Les assemblées citoyennes dans les régimes autoritaires

Les régimes autoritaires sont face à un dilemme : d’un côté, négliger l’opinion des citoyens écorne la légitimité du régime et le condamne, tôt ou tard, à l’effondrement et, de l’autre, encourager la participation des citoyens à la vie politique peut augmenter leurs exigences démocratiques et mener à la révolution.
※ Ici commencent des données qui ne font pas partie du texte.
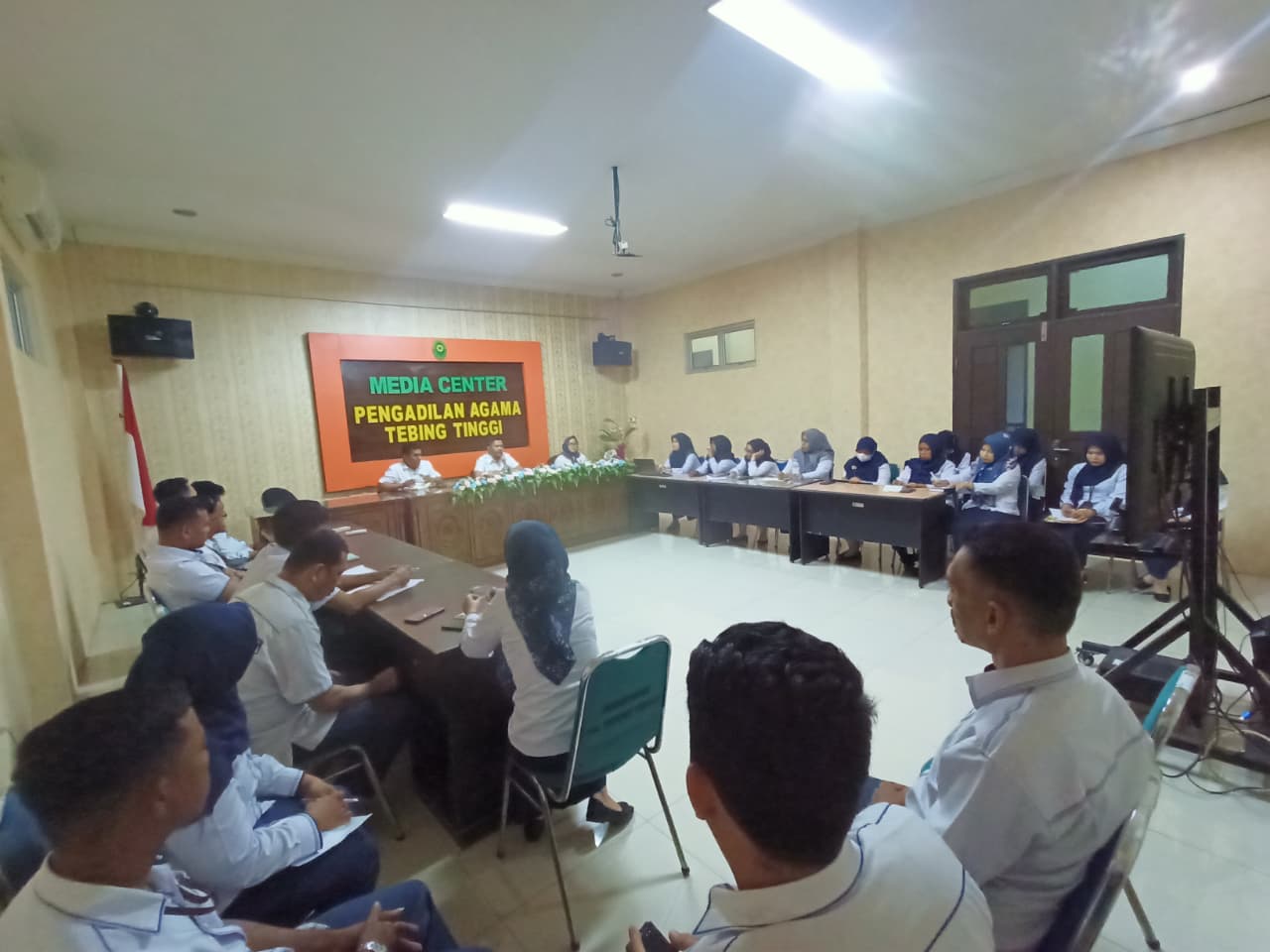 rapat 3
Baogang He s’intéresse à la manière dont trois pays autoritaires, la Chine, Cuba et la Libye parviennent ou sont parvenus à gérer ce dilemme.

Introduction

La Chine et Cuba ont tous deux une forme d’autoritarisme centrée sur un parti unique, tandis que la Libye de Kadhafi reposait davantage sur une forme de culte de la personnalité poursuivant un idéal de démocratie directe décentralisée. Ces trois régimes organisent des processus délibératifs permanents : les Conseils du petit peuple en Libye, les Conseils populaires à Cuba ou encore les Congrès locaux du peuple en Chine. Ces espaces permettent – en théorie – aux citoyens d’influencer le législateur, de contrôler l’exécutif, d’exprimer leurs opinions et plus globalement d’avoir un impact sur la décision publique, raison pour laquelle l’auteur les qualifie d’Assemblées citoyennes.
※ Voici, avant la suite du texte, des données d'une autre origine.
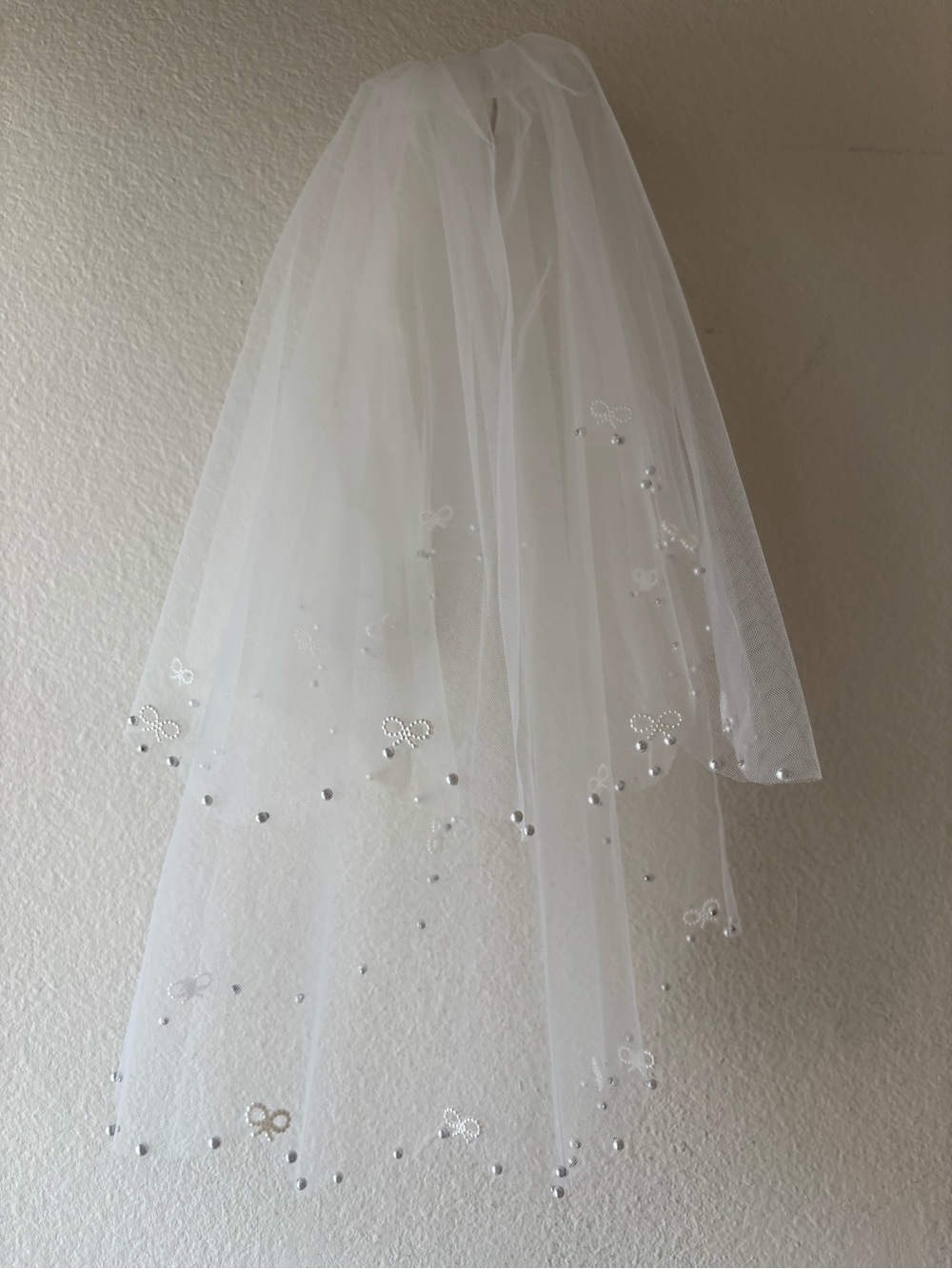 Ivory white veil with bow sequins and beads accents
L’objectif est souvent de gérer la pression populaire sans remettre en question le statut des détenteurs de pouvoir locaux, c’est pourquoi ces processus sont avant tout à but consultatif. En Chine, ces assemblées sont relativement abouties, tandis qu’elles sont au stade de développement à Cuba, et ont échoué en Libye, menant à la révolte des printemps arabes.

Les assemblées sont-elles dotées d’un réel pouvoir ?

Dans certaines localités chinoises (province du Shandong, villes de Shenyang, Shanghai et Hangzhou), les citoyens peuvent évaluer la qualité des hauts fonctionnaires locaux. Dans la Chine rurale, les villages sont gérés par des assemblées locales plutôt que par des secrétaires du parti unique (ce n’était pas vrai il y a quelques décennies). La consultation du public est souvent institutionnalisée, comme dans la ville de Wenling où les habitants peuvent exiger une réunion délibérative sur un sujet donné. Au niveau national, des lois garantissent la tenue d’un processus délibératif lorsque les citoyens veulent mesurer l’impact d’une loi qui affecte l’ensemble de la population. Certaines localités ont également développé des outils plus avancés comme les sondages délibératifs et les budgets participatifs. Sur le papier, les assemblées chinoises détiennent donc bel et bien une forme de pouvoir.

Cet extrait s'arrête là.